The PPLSA took aim at Energy and Mineral Resources Ministerial Regulation No. 49/2018 on rooftop solar power systems for customers of state-owned electricity company PLN, which was issued on Nov. 15, 2018.

PPLSA chairman Yohanes Bambang Sumaryo said that for many PLN customers the energy import and export calculation, as ruled by the regulation, was not considered economical.

He referred to Article 6, paragraph 1, of the regulation that ruled that electricity exported from rooftop solar power systems was only calculated at 65 percent of the production recorded by the export-import meters.

“For us, it significantly reduces the economic value of rooftop solar power,” he said as quoted by kontan.co.id on Sunday, adding that this was because 90 percent of PLN customers, who had installed rooftop solar power systems, still relied on electricity supplied by PLN for nighttime usage.

He added that because of the regulation, about 30 percent of rooftop solar power system users preferred to shift from on-grid to off-grid systems even though they would have to invest more to purchase batteries.

Yohanes also criticized the requirement that rooftop solar users had to seek an agreement with PLN to install the equipment and that it could only be installed by certified institutions.

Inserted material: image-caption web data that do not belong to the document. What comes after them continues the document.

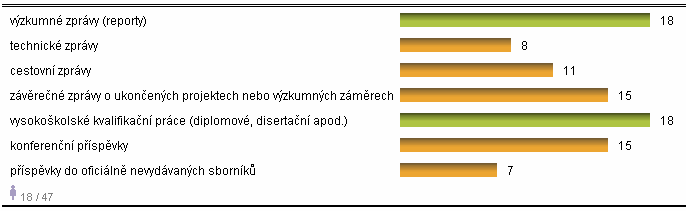 zprávy. Ostatní typy dokumentů šedé literatury jsou zastoupeny u méně než poloviny z dotazovaných institucí.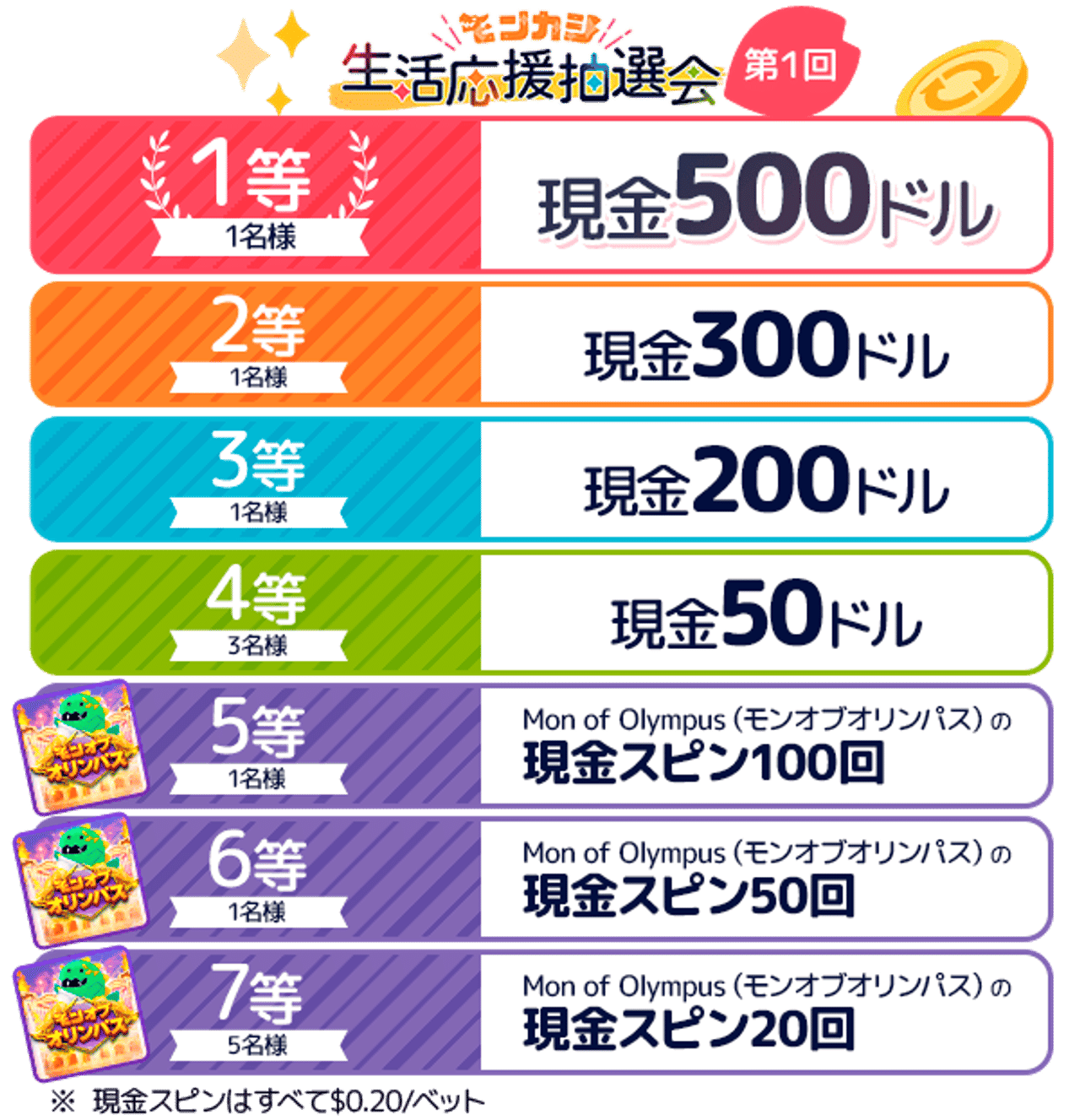 第1回モンカジ生活応援抽選会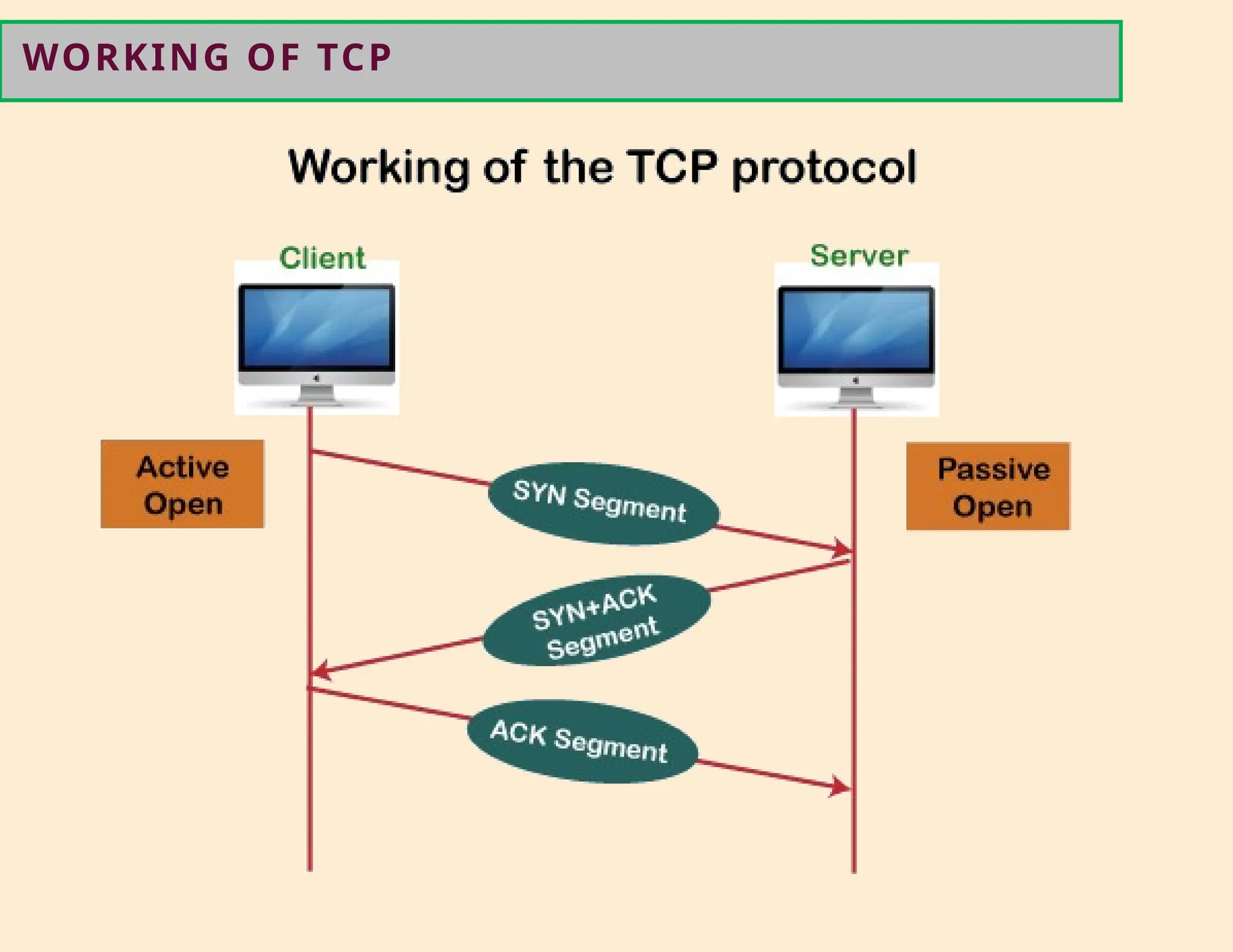Tcp Computer Network CS3591- Computer Networks Unit-2 Transport layer | PPTX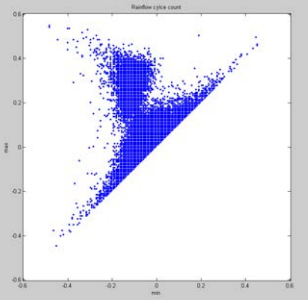 GM Case Study: Accelerated Testing with Correlation to End-use Environment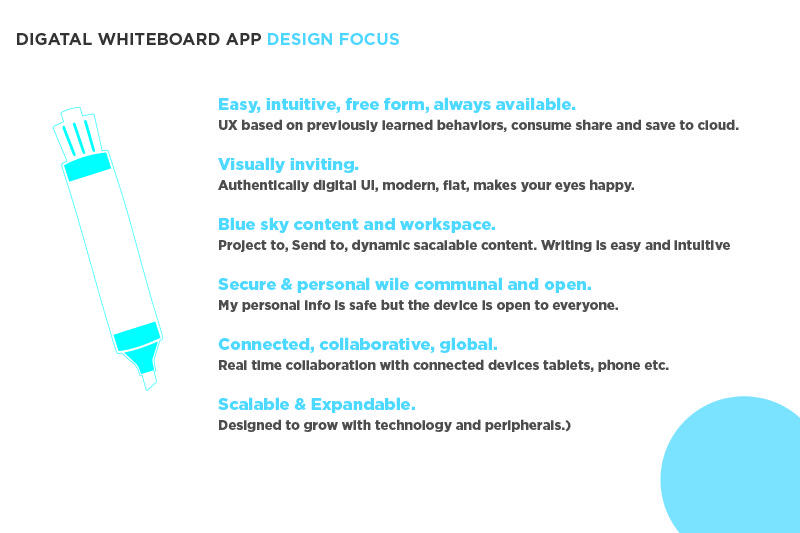 Interface exploration artboard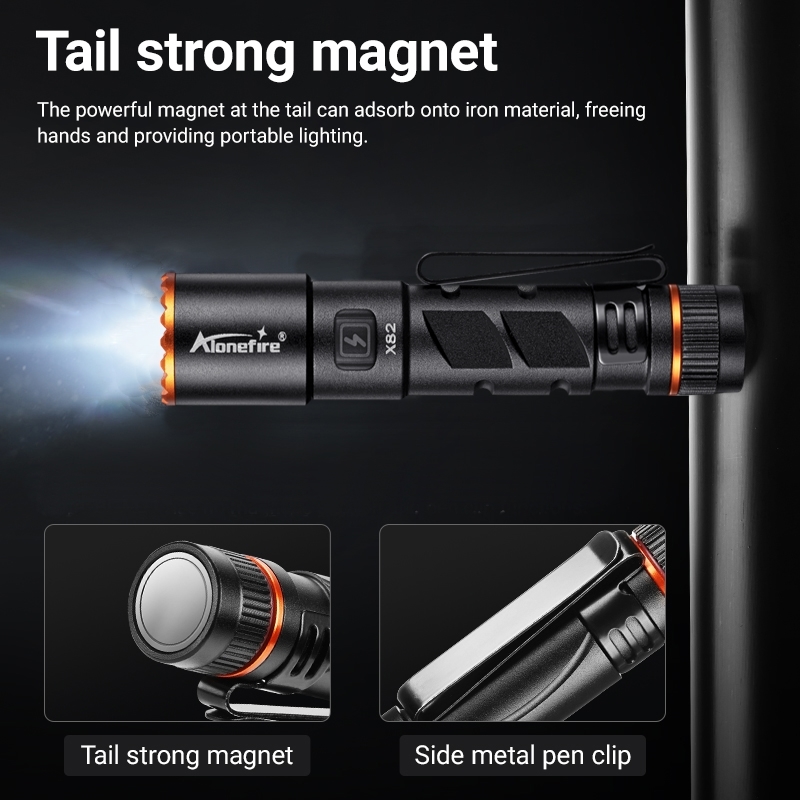 Zoom Mini EDC High Bright LED  - Street Fashion Blog ulasan dan harga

Institute for Essential Services Reform (IESR) executive director Fabby Tumiwa shared Yohanes’s opinion, saying that the regulation hampered the rooftop solar power program. “With the 60 percent export calculation, the returns on investment will take 11 to 12 years,” he said, adding that if the electricity production was calculated at 100 percent, the return on investment would take around eight years. (bbn)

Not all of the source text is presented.